Problem:
Begin your transcription at the line containing "Lámpara de pared" and continue it, word for word, to the final line below. Include only those lines and skip the pictures.

————

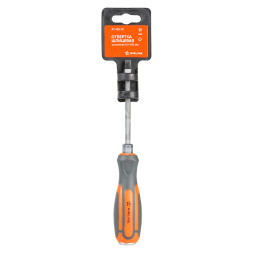 Отвертка шлицевая SL5х100мм, усиленная  магнитная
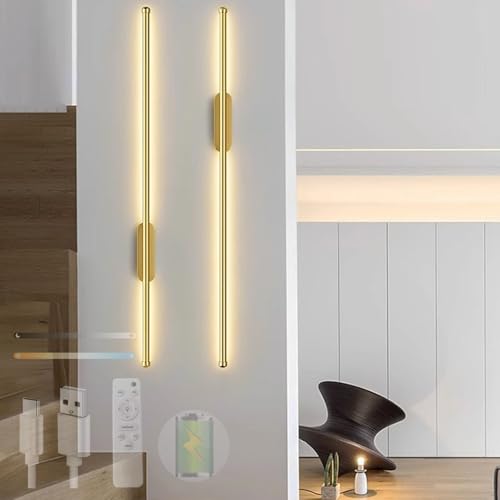 Lámpara de pared interior para dormitorio con luz USB dorada
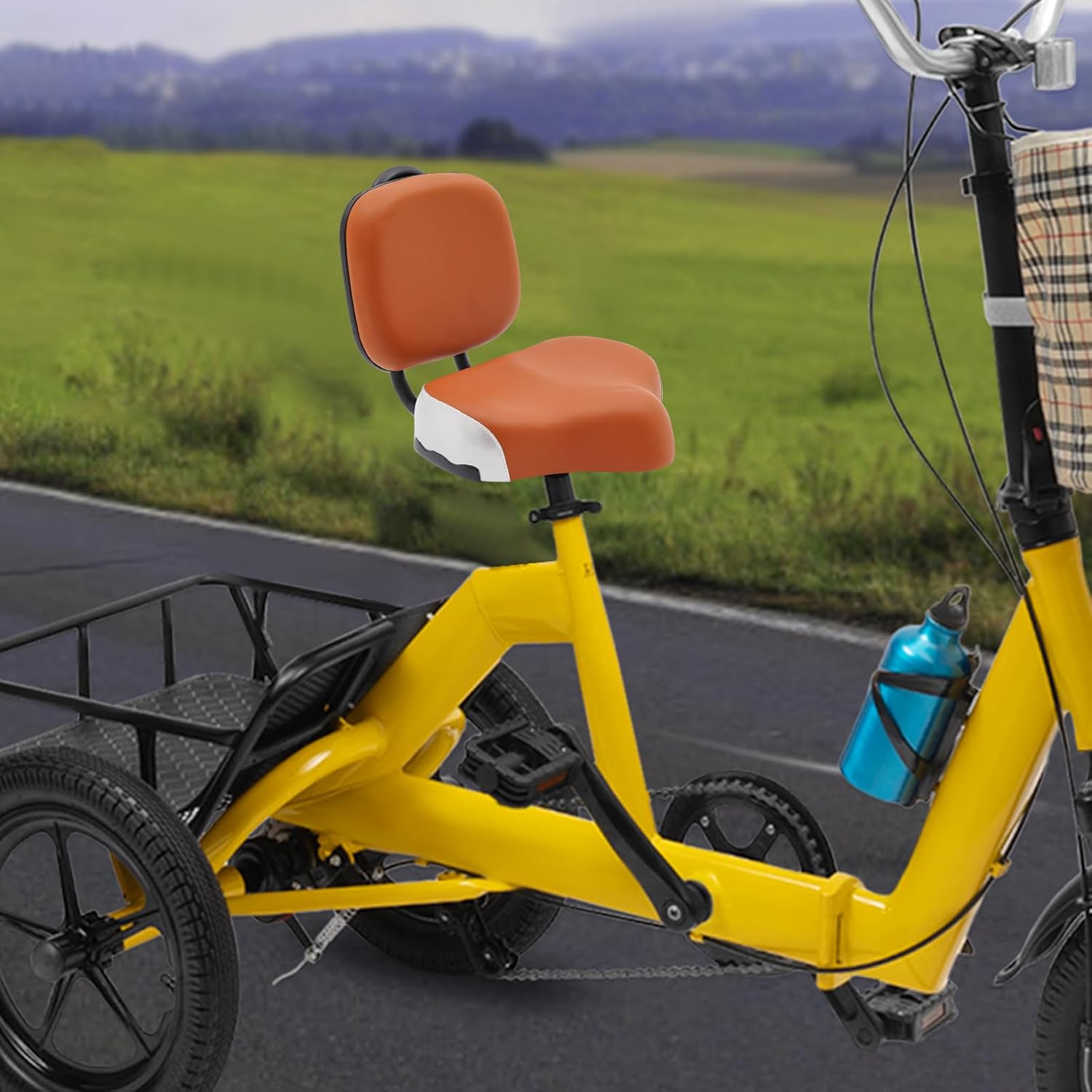 Bike Seat with Backrest, Bicycle Tricycle Saddle Seat with Back Support,Comfortable Wide Bike Seat Cushion Replacement for eBike, Tricycle, Big Bikes, Height Adjustable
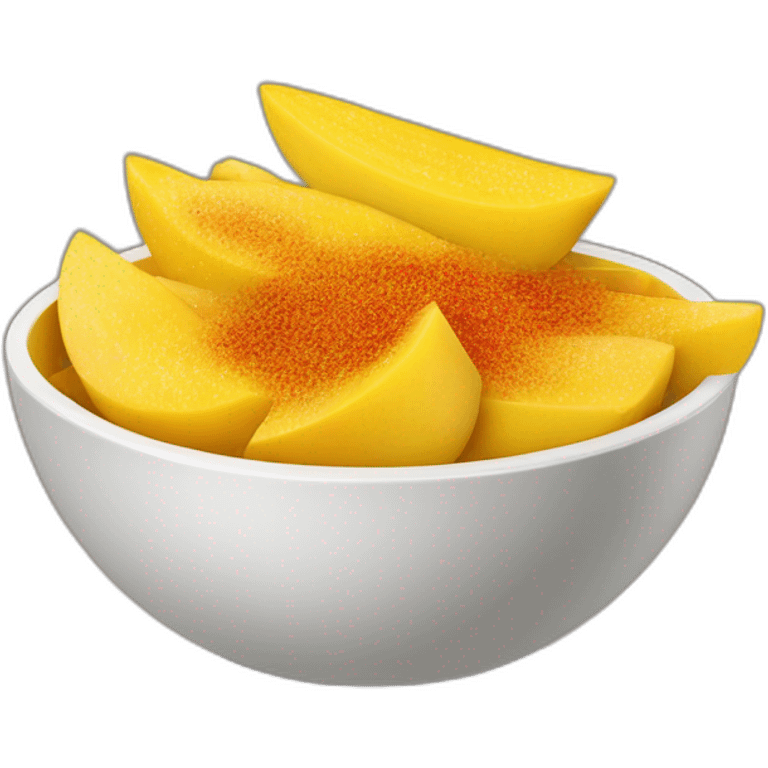 Bowl of sliced mango sprinkled with chili powder emoji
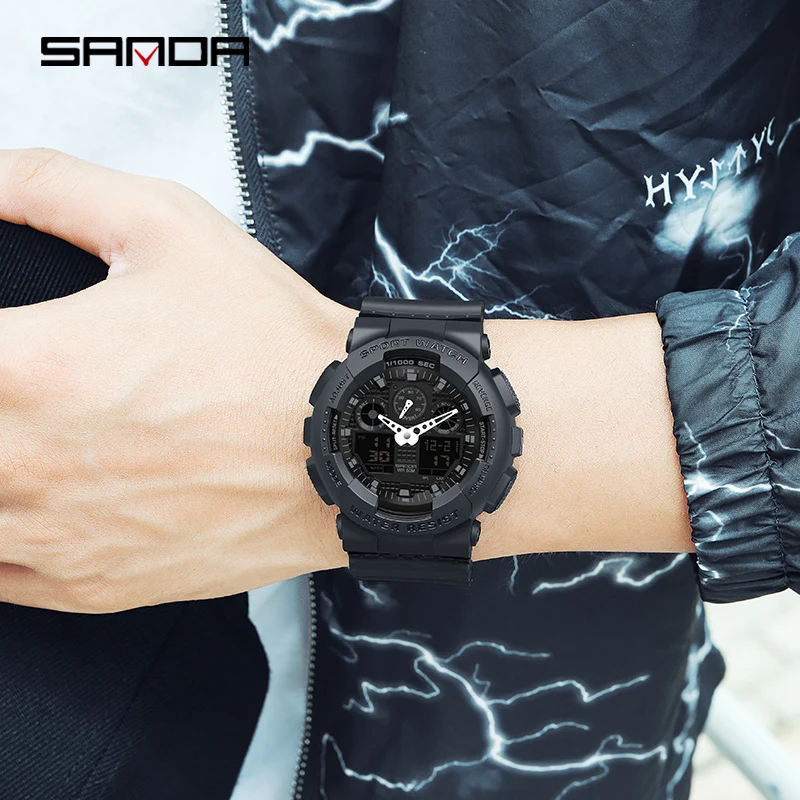 SANDA Top Brand Digital Watch Men Sport Watches Electronic LED Male Wrist Watch For Men Clock Outdoor Waterproof Wristwatch 3110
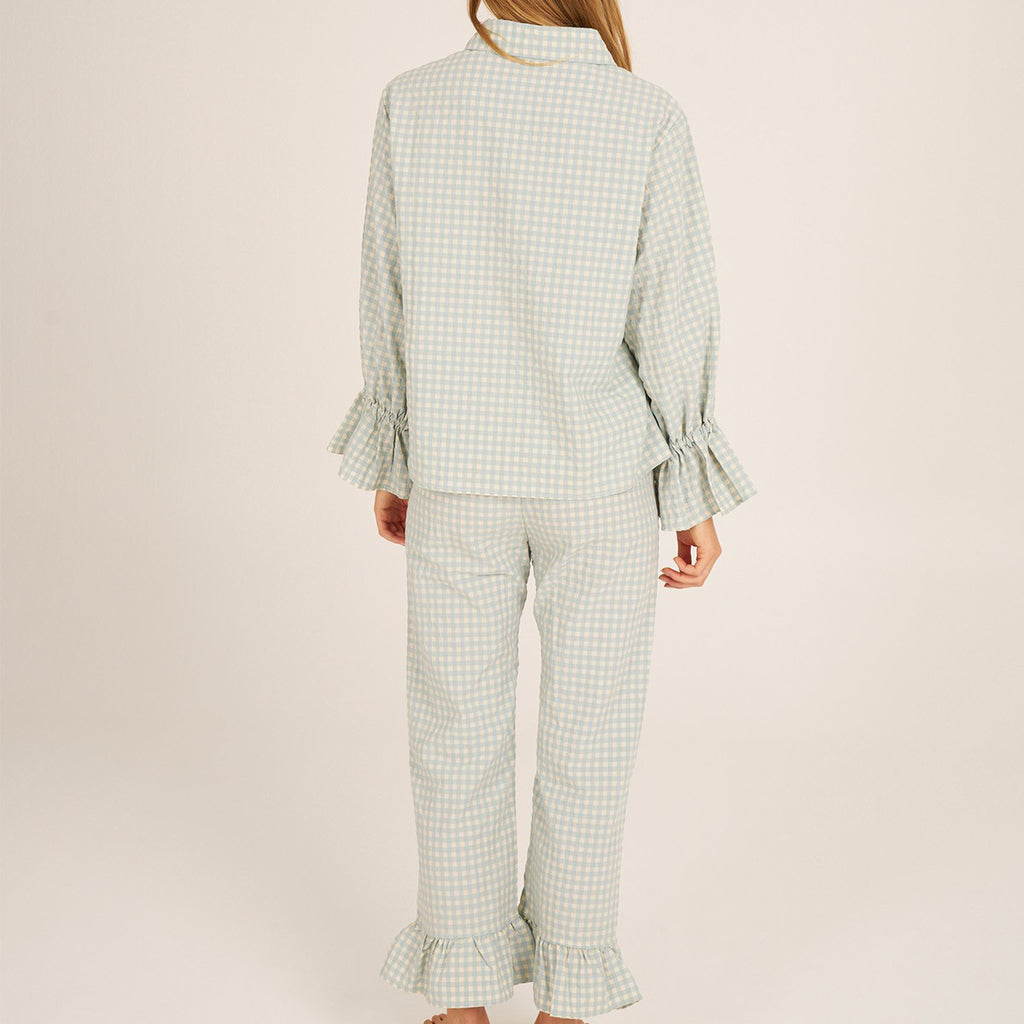 Gingham Ruffle Cuff Shirt And Trouser Set - Green - 1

————

Result of this exercise:
 Lámpara de pared interior para dormitorio con luz USB dorada
 Bike Seat with Backrest, Bicycle Tricycle Saddle Seat with Back Support,Comfortable Wide Bike Seat Cushion Replacement for eBike, Tricycle, Big Bikes, Height Adjustable
 Bowl of sliced mango sprinkled with chili powder emoji
 SANDA Top Brand Digital Watch Men Sport Watches Electronic LED Male Wrist Watch For Men Clock Outdoor Waterproof Wristwatch 3110
 Gingham Ruffle Cuff Shirt And Trouser Set - Green - 1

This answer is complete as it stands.